Investors may forgive Gilead Sciences (GILD) for a bad quarter, but a second miss in a row and a weak outlook is disconcerting. What is wrong with Gilead? The second quarter report reveals what is going on.

Total revenue fell to $7.8 billion ($3.08/share non-GAAP), compared to $8.2 billion (on $3.15 per share). HCV sales fell, with Japan and Europe the culprit for the underperformance. Sales in the U.S. also fell by 12 percent. The only notable positive for Gilead was the TAF-based regimens, where sales improved by 23 percent.

Gilead still has a strong balance sheet. Cash flow from operations was $4.9 billion. The company holds $24.6 billion in cash and investments.

Gilead is running into trouble this year. It lowered net sales expectations for this year to $29.5 - $30.5 billion. Why? Competition for HCV is heating up.

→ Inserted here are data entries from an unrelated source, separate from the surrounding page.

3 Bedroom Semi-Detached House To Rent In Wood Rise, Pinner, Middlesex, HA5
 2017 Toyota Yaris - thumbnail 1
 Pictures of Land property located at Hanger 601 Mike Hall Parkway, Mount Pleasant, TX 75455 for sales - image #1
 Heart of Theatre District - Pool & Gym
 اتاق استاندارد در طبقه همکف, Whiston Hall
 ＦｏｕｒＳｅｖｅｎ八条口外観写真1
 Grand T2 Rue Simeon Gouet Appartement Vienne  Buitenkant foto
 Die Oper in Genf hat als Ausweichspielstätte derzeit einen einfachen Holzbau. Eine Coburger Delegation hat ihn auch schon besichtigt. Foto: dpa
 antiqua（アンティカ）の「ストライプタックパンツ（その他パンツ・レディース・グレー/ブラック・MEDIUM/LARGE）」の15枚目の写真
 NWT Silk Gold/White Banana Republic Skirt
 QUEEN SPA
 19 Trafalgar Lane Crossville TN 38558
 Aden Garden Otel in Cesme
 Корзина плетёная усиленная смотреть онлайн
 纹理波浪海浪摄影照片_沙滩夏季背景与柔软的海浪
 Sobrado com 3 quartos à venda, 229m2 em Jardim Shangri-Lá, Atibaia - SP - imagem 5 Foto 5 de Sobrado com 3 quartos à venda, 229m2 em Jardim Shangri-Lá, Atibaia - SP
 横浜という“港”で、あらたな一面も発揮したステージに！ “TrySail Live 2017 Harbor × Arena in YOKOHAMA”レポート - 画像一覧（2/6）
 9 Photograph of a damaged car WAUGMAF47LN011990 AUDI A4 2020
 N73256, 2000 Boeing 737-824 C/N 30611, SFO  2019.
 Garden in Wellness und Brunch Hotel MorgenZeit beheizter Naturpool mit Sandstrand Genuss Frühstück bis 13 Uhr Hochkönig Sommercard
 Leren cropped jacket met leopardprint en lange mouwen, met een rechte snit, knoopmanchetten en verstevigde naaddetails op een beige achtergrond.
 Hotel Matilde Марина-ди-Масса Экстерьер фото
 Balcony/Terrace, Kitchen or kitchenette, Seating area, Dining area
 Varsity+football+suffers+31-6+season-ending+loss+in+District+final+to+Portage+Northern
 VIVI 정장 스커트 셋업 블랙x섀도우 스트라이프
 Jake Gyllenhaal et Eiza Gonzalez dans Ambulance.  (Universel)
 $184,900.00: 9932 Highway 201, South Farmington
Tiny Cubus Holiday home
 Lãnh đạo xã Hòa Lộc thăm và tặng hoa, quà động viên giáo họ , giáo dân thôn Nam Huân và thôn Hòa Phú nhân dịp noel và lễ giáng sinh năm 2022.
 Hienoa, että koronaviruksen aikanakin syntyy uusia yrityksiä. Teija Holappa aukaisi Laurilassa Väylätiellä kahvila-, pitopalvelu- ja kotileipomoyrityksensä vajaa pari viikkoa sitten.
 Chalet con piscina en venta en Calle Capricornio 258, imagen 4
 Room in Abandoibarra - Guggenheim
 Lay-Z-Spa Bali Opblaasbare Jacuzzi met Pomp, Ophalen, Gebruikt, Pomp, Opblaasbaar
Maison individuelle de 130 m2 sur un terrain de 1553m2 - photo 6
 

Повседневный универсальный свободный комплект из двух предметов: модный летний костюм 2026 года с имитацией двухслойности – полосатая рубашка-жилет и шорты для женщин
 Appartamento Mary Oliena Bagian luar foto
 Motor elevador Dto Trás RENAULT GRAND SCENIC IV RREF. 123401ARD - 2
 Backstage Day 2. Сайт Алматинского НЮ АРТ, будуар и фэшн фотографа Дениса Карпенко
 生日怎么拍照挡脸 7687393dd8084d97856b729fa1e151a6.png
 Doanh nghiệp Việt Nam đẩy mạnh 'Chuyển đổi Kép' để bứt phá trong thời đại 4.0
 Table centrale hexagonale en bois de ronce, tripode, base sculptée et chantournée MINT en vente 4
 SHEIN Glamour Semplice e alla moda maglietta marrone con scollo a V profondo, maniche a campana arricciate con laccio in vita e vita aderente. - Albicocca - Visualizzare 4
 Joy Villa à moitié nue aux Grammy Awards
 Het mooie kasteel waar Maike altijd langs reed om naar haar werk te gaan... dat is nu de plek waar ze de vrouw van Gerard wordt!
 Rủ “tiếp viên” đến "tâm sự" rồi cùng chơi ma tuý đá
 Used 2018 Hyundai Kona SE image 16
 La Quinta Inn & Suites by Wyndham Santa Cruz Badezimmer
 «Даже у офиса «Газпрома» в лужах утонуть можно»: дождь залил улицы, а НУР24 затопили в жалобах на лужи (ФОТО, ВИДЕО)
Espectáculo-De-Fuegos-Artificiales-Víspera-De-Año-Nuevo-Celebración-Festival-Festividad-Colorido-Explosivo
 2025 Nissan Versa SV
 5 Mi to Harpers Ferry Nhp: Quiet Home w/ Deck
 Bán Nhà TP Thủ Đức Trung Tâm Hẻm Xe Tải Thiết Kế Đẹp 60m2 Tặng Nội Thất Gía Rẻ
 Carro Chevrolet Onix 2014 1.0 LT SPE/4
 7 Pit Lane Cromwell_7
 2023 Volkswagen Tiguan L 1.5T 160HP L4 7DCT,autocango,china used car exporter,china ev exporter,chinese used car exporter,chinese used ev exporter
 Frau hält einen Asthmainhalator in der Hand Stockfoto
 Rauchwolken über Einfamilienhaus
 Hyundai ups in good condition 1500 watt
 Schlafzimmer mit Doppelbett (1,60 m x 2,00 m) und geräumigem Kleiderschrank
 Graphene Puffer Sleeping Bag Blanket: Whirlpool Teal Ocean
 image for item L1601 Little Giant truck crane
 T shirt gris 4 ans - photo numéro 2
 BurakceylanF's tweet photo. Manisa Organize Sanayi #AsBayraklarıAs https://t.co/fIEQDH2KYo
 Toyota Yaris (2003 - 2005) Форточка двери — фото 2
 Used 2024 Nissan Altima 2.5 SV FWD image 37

Management cited:

  • trend toward slowing patient starts in the U.S. commercial segment
  • loss of some market share to competition.
  • lower HCV revenue per patient as a result of a mix shift towards more heavily discounted payer segment in the U.S.

Where is the growth?

Though an increase of 65% on HCV tests suggest higher drug demand, it takes time for sales to reach the patient. Over a million need treatment in the U.S. In Italy, 200,000 need care, but Gilead needs government buy-in first.